How to Change an Illustration’s Color Scheme
Did you know that you can change the colors in an image without manually selecting each object? Using a color palette can elevate any illustration and make it much easier to portray a specific mood. With the ease of recoloring artwork in Adobe Illustrator, you have the freedom to use whatever colors they would like during the early stages of the design process. Then, once the illustration is complete, you can go back and implement a cohesive palette in only a few clicks. Plus, this technique is especially helpful if you’re hoping to make pop art-style imagery. You can duplicate the same image multiple times and apply different color themes in each one, like so:
Let’s begin! Throughout this process, you’re going to want the swatches panel open. If it isn’t in your window by default, go to Window > Swatches and drag it somewhere convenient.
- Find a color palette that you like.
When it comes to colors, you can find inspiration anywhere. Maybe you have an image with colors that you particularly like. Maybe you found a cool color palette online. If you already have an idea for how to recolor your illustration, use the eyedropper tool in Illustrator to pull colors from your inspiration image. Add every new color to your swatches by clicking on the (+) button in the Swatches panel—or create your own color theme.
If you don’t have a color palette ready made, no worries. On Adobe Color, you can either create your own swatches or find inspiration from the thousands of palettes posted to the “explore” page. Once you find a color theme that you like, click the option to download an .ase — or Adobe Swatch Exchange file.
To add the .ase file to your swatches library, click the hamburger menu in the swatches panel. Go to Open Swatch Library > Other Library… and select the file you downloaded from Adobe color. For this example, I chose this palette of vibrant contrasting tones.
- Select your illustration and go to Edit > Edit Colors > Recolor Artwork.
Once your colors are in the swatch palette, you’re ready to convert your illustration! Drag your mouse over the area that contains your illustration to select all of it. (If there’s nothing else in your illustrator file, you can also just press Command+A.) Then, go to Edit > Edit Colors > Recolor Artwork.
I will be using this image I drew of a car’s rear view mirror.
Note: This tutorial only works with vectors. If you are pulling an illustration from a raster-based program, like Photoshop, or just using an image from the Internet, you are going to need to convert it to vectors first. Use the image trace menu to transform the pixels into resizable curves. I recommend using the “silhouette” option for any black-and-white clipart/iconography and the “high-fidelity image” or “low-fidelity image” for something with more color, but you can find more in-depth instructions here.
- Double-click each color in the right column to adjust it.
In the Recolor Artwork menu, Illustrator will make a list of all of the colors you use on the left. On the right, you can change each of them. Double click each color in the right column and adjust as you see fit. You can select swatches from your color palette by clicking “color swatches.”
(If you’ve imported the swatch correctly, it will also appear in the “Color Groups” column in the Recolor Artwork Menu. In that case, click on the full swatch to expedite this process!)

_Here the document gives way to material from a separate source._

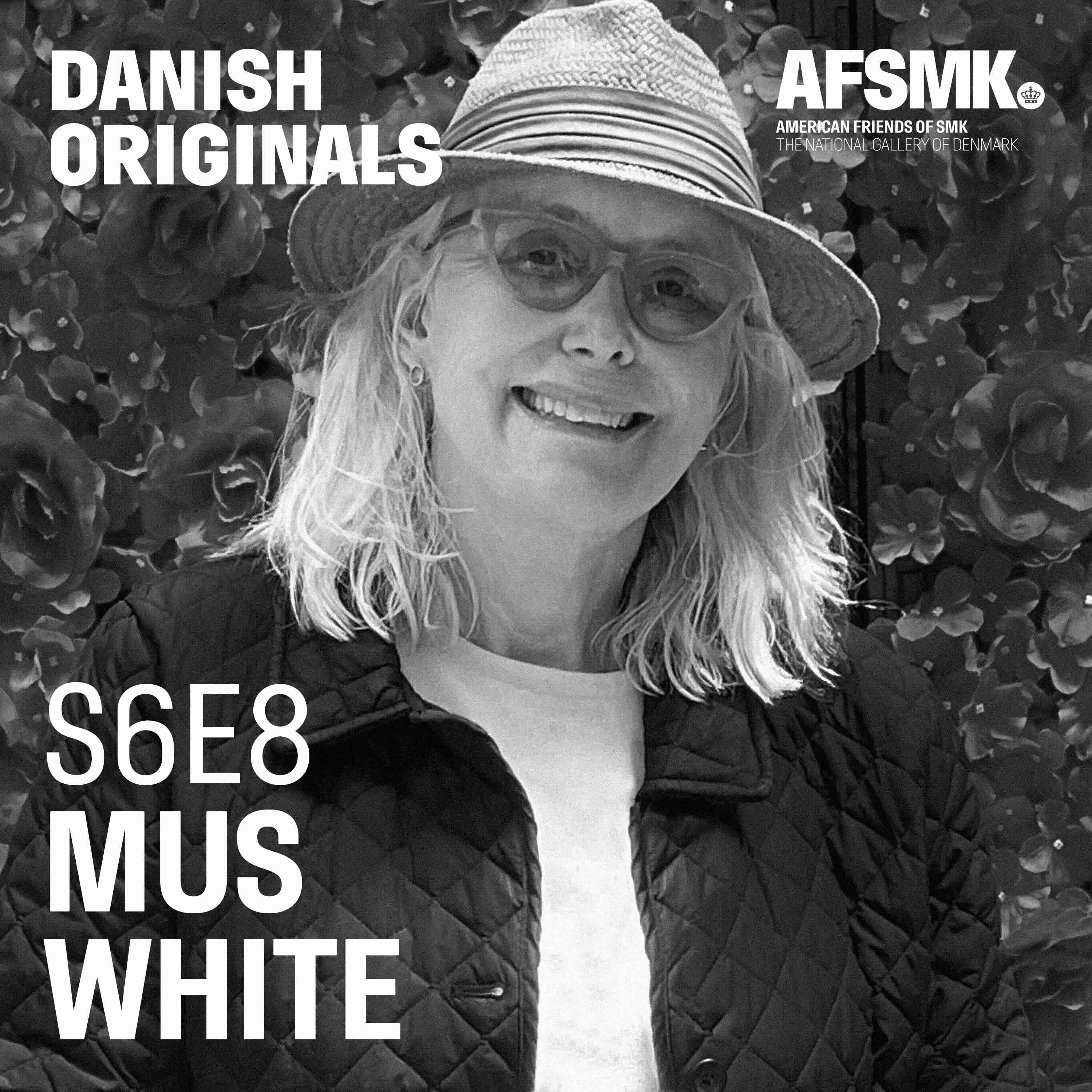 S6E8. Mus White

One-by-one, change all of your colors to their new swatches. If you have a few similar colors in your original image, you can drag the colored bars on the left on top of each other to create a family. In my image, there are two shades of peach on the car exterior that I chose to treat as one color, since one is just a darkened version of the other.

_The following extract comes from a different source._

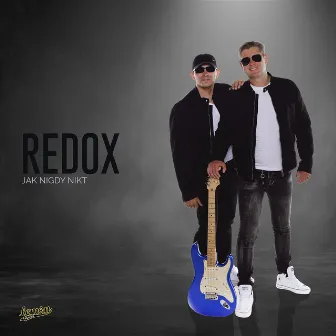 Jak nigdy nikt by Redox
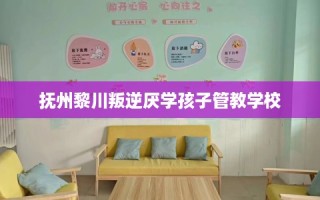 抚州黎川叛逆厌学孩子管教学校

You should be able to see your image in the background. Play around with the various colors until you find a combination that you like. You can drag the colors on the right side of the menu to quickly swap between them! On the right is the image my computer automatically created when I imported the Color Group. On the left is one I created by choosing each swatch’s replacement one-by-one. Notice how the computer combined the colors of the car into one color family, something I would have not thought to do!